Episodes ludiques, substrat métaphysique, Schwarz auf Weiss, est l'aboutissement d'un travail qui, après avoir marié théâtre et musique, s'interroge sur la manière dont l'exécution musicale peut se substituer, sans l'aide d'acteurs dramatiques, à la représentation théâtrale. Noir sur blanc prend prétexte d'un récit d'Edgar Allan Poe, L'Ombre, et les silhouettes sombres des exécutants se dessinent sur la blancheur du fond de scène : une symbolique des lumières qui n'appartient qu'à Jean Kalman. Un cadavre est là. Des survivants, réunis dans une grande salle, rient, dansent, chantent, rivalisent de gaîté ou de subtilité avec leurs instruments.

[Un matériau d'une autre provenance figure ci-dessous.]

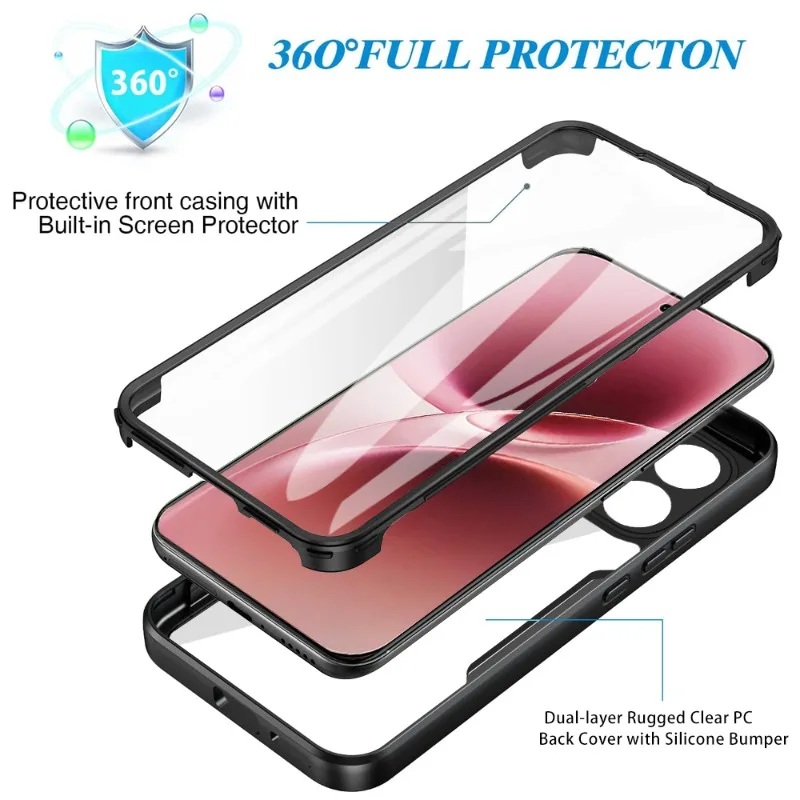 360° Clear Acrylic Shockproof Protective Case with Built-in Screen Protector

Les musiciens de l'Ensemble Modem, jouant leur propre rôle, sont les seuls "acteurs" de cette parabole. Les seuls (la pièce leur est dédiée) qui auraient pu relever, en musiciens inventifs et libres, en troupe soudée mais formée d'individualités de toutes origines, ce défi d'un théâtre musical fondamental et poly-culturel. La parabole est à plusieurs entrées. On y entend la voix d'Heiner Müller, ami très cher du compositeur, mort avant que Noir sur blanc eût été achevé. Goebbels lui doit l'assurance que le rapport entre créateur et interprètes n'est pas une relation de pouvoir. Le noir sur le blanc, c'est aussi le signe tracé par la plume sur le papier ; "Vous qui me lisez, vous êtes encore parmi les vivants; mais moi qui écris, je serai depuis longtemps parti pour la région des ombres", écrit Poe.